After school in Switzerland, Swen was the "director of the largest real estate marketing company in Switzerland," where they printed a ton of magazines and he came to a point when he was feeling really bad about the amount of waste that they were creating. Swen: I was talking with my wife and we were at the time where we felt like... it might be time to do something different. Do something that we feel better about and trying to have as minimal impact on our future as we can (that was the time where we had our first son).

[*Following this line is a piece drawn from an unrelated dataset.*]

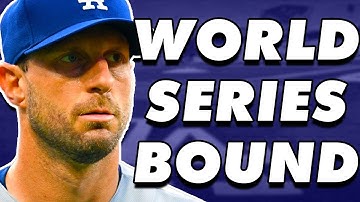 The Trade That Saved The Los Angeles Dodgers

So he and Johnny began talking about housing and how the modular home concept would improve the effects of housing on the environment. Through this concept, they wanted to "diversify what was available in terms of housing" for people. Something that "will be more respectful" to nature and the environment. Swen explains that this was probably the worst time to start a business (when the economy crashed around 2008) but that they were determined to "make some something happen" for the betterment of the world and their own peace-of-mind.
Swen and his wife, Lauriane, decided that if they were going to move overseas, it would be the best time to do it with their kids still being little and not in school yet. With the loving support of their family and friends, they took the risk and moved to Seattle so that Swen could start Greenfab with Johnny. Through the struggles of the crashed economy, being ahead of the area and times in thinking about the earth, they've come to find clients who understand the importance of having a non-toxic home that creates a minimal impact on the earth's resources.
Swen: "People care about what they eat because they know it's gonna have an effect on them, so now people understand the way you live... if you spend 8, 10, 12, 14 hours per day in a specific environment... it can cause damage to you."